GOVERMENT POLICY AND LEGISLATION ON INVESTMENT IN MINERALS
The national economic objectives stand as the policy framework in the mineral sector where it is stipulated to invite participation in terms of technical know-how and investment from sources inside the country and abroad. It is the policy in the mineral sector to boost up present production, to fulfill the growing domestic demand and to increase foreign exchange earnings. Mineral-wise emphasis is given for development of copper, gold, lead, zinc, iron and steel, coal, nickel and construction related industrial minerals such as cement making materials, dimension stones and aggregates.
The Union of Myanmar Mines Law was promulgated in September 1994 and Rules relating to the law followed in December 1996.
The Ministry of Mines is the government authority responsible for implementation of the policy, legislation and enforcement of law, rules and regulations in the mining sector.
According to the Myanmar Mines Law, all naturally occurring minerals found either on or under the soil of any land in the continental shelf are deemed to be owned by the State.
It is the policy of the Ministry of Mines not to make new investment on its own, but to encourage foreign and local investors to invest in the mining sector. Forms of agreement may be generally on production sharing basis or profit sharing basis based on equity contribution by both parties. Production sharing type of investment could either be straight split on total production or after cost recovery. Depending on case by case basis, Ministry of Mines is flexible whether to have majority, minority or equal participation in equity participation joint ventures.
Although there is no framework legislation for environmental protection as yet, measures for environmental protection are provided in the Myanmar Mines Law (1994) and the Myanmar Mines Rules (1996). One of the objectives of the Myanmar Mines Law (1994) is to protect the environmental conservation works that may have detrimental effects due to mining operations. Under Section 13 of the Myanmar Mines Law, it is mentioned that the holder of the permit shall comply with the rules prescribed under the Law in respect of making provisions for the environmental conservation works that may have detrimental effects due to mining operations.
(1) Dead Rent
Dead Rent according to the type of operations is shown in the table on page 87 Section 115 of Myanmar Mines Rules. Surface Rent is payable to the General Administration Department after acquiring Land Lease. The rent levied is minimal.

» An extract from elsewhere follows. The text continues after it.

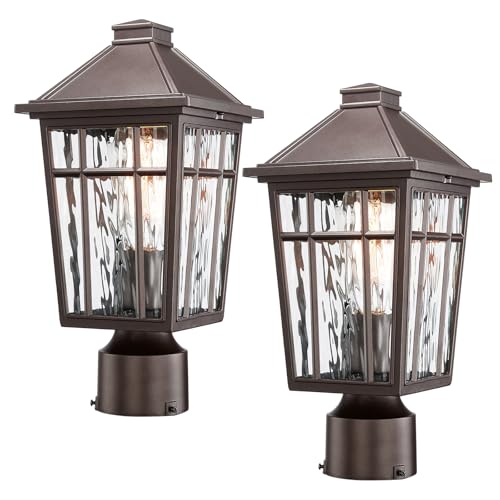 Outdoor Post Lights Lamp Post Light Fixture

Royalty for metallic minerals is 3 to 4 % and 4 to 5 % for precious metallic minerals as prescribed in Chapter 6 of the Myanmar Mines Law. Royalty is levied on value of mineral sold.It is a sale based royalty and not a production based royalty. (Refer section 18 of the Myanmar Mines Law) Royalty may be exempted in whole or in part as may be determined by the Ministry of Mines.(Section 20 of the Myanmar Mines Law)
(3) Commercial Tax
Commercial Tax on export commodities is 8% payable in foreign currency. Commercial tax on export commodities may be exempted for up to (3) years upon applications for projects undertaken with MIC permit. There is no commercial tax on coal, if sold locally.
(4) Corporate Tax
30% corporate tax is levied on profit of an enterprise. For projects working under MIC permit an exemption of 50% may be granted if all products are exported.
(5) Custom Duty
Custom Duty for importing of mining machinery and equipment (eg, EME's, Rock Drills etc.,) ranges normally 1%.